Search code examples
artificial-intelligenceneural-network

Determining Bias for Neural network Perceptrons?


This is one thing in my beginning of understand neural networks is I don't quite understand what to initially set a "bias" at? I understand the Perceptron calculates it's output based on:

P * W + b > 0

and then you could calculate a learning pattern based on b = b + [ G - O ] where G is the Correct Output, and O is the actual Output (1 or 0) to calculate a new bias...but what about an initial bias.....I don't really understand how this is calculated, or what initial value should be used besides just "guessing", is there any type of formula for this?

Pardon if Im mistaken on anything, Im still learning the whole Neural network idea before I implement my own (crappy) one.

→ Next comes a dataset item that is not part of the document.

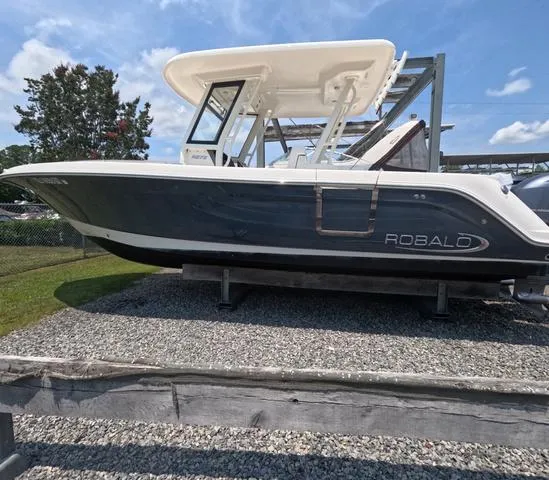 Slide: The Image of Robalo r272 2021 - 1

The same goes for learning rate.....I mean most books and such just kinda "pick one" for μ.


Solution

  • The short answer is, it depends...

    1. In most cases (I believe) you can just treat the bias just like any other weight (so it might get initialised to some small random value), and it will get updated as you train your network. The idea is that all the biases and weights will end up converging on some useful set of values.

    2. However, you can also set the weights manually (with no training) to get some special behaviours: for example, you can use the bias to make a perceptron behave like a logic gate (assume binary inputs X1 and X2 are either 0 or 1, and the activation function is scaled to give an output of 0 or 1).

    OR gate: W1=1, W2=1, Bias=0

    AND gate: W1=1, W2=1, Bias=-1

    You can solve the classic XOR problem by using AND and OR as the first layer in a multilayer network, and feed them into a third perceptron with W1=3 (from the OR gate), W2=-2 (from the AND gate) and Bias=-2, like this:

    perceptron XOR

    (Note: these values will be different if your activation function is scaled to -1/+1, ie a SGN function)


    1. As to how to set the learning rate, that also depends(!) but I think usually something like 0.01 is recommended. Basically you want the system to learn as quickly as possible, but not so quickly that the weights fail to converge properly.